Dr. Fouad Majeed with his Brazilian supervisor, Prof. Raul Donangelo from Universidade Federal de Rio de Janeiro.
After receiving his PhD in theoretical physics in June 2005 from Al-Nahrain University in Baghdad, Iraq, Fouad Majeed left for a three-month research visit to the Abdus Salam International Centre for Theoretical Physics (ICTP), in Trieste, Italy. This in turn led to a one-year TWAS-CNPq (Brazil's National Council of Technological and Scientific Development) Postdoctoral Fellowship at the Instituto de Fisica of the Federal University of Rio de Janeiro (UFRJ).
While he was studying in Brazil, the situation in Iraq rapidly deteriorated. And when Majeed's fellowship ended, in May 2007, escalating sectarian violence and a deadly campaign to assassinate Iraqi academics conspired to keep him abroad. Not until November 2008, when security had at last significantly improved, did he feel he could return home. "Some 250 academics have returned to Iraq so far," Majeed says. While this represents only a fraction of the estimated 6,000 who fled since the 2003 invasion, he feels "the tide has turned."
The TWAS-CNPq fellowship allowed Majeed to study "reactions with weakly bound nuclei" - an area, he explains, which has "attracted considerable interest in the past decade." Majeed and his Brazilian colleagues "worked to develop more robust theoretical models to help guide the work of researchers doing reaction experiments," which involve aiming beams of 'projectile' nuclei at a 'target' nucleus, then observing the behaviour of emitted particles - which sheds light on the properties of a nucleus.

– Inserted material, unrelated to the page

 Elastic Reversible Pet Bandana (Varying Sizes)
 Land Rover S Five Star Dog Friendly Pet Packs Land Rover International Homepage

Back in Iraq, Majeed secured a post teaching physics at Babylon University, just south of Baghdad, through an Iraqi government programme encouraging academics to return. Though teachers and students, he says, must cope with infrastructure problems - including out-of-date textbooks, an insufficiently stocked library and poor telephone and internet connectivity - "the improved security throughout the country has allowed academics to once again look towards their future."
In addition to teaching his students physics, Majeed strives to make them aware of their opportunities. "They need to become more aware of the outside world," he says, "and to learn about study abroad programmes, for example." Having himself successfully completed studies abroad, Majeed is a role model for how to take advantage of such programmes. Moreover, he understands where his students are coming from and how such knowledge is hard to come by. "They are like I was before I left," he says.
"Students may earn their PhD," he continues, "but then they don't know how to find opportunities to continue their studies. When they ask me 'what is my future?', they are usually thinking about tomorrow or the day after tomorrow. They are taking a short-term view. I want them to think more long-term, to learn English, to find out about scientific opportunities abroad."
The Iraqi Ministry of Higher Education and Scientific Research has rolled out "a number of schemes to encourage postgraduate students to study abroad," Majeed notes. But he stresses that "the government will not be able to rebuild the scientific community on its own." Programmes focusing on South-South scientific exchange such as the TWAS fellowships will be crucial, he says, in "enabling young Iraqi scientists to acquire the knowledge and skills that will help them rebuild our country."